BEGIN

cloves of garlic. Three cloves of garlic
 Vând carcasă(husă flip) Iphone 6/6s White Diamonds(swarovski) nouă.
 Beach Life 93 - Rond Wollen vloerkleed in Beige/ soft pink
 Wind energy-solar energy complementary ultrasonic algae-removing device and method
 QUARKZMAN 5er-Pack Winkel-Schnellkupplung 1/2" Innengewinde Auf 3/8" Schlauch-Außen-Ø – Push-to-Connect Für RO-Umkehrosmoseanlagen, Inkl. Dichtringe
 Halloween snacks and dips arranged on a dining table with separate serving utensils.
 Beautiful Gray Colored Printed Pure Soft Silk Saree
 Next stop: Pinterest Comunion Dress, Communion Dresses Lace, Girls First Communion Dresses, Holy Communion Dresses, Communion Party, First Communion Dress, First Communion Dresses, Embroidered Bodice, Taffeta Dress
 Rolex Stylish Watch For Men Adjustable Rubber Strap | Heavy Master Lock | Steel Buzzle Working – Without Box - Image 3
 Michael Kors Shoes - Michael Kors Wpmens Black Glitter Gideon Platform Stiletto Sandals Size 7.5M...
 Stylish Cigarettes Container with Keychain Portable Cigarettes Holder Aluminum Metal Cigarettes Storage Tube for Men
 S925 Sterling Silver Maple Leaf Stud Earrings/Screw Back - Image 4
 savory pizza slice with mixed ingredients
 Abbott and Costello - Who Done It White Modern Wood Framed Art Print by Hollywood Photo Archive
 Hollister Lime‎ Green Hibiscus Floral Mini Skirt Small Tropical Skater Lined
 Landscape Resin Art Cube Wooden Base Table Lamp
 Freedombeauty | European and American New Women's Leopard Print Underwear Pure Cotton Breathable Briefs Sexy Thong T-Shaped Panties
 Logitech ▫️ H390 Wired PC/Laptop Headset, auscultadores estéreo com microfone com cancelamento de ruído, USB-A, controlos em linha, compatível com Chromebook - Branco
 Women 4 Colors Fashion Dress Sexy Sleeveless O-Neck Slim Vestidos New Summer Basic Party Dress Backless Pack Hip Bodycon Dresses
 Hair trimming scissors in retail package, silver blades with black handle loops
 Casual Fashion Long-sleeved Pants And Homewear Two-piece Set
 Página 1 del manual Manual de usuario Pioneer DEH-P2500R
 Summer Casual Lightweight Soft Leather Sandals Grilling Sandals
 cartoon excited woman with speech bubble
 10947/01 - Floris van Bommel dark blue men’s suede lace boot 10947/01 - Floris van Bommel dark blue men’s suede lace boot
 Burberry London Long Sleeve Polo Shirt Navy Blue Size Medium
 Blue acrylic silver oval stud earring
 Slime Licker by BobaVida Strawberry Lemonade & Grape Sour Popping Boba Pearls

END

* **What is needed**
The answer should be only a number: the count of lines in the listing above that contain the word "Long".

* **Result of this task**
2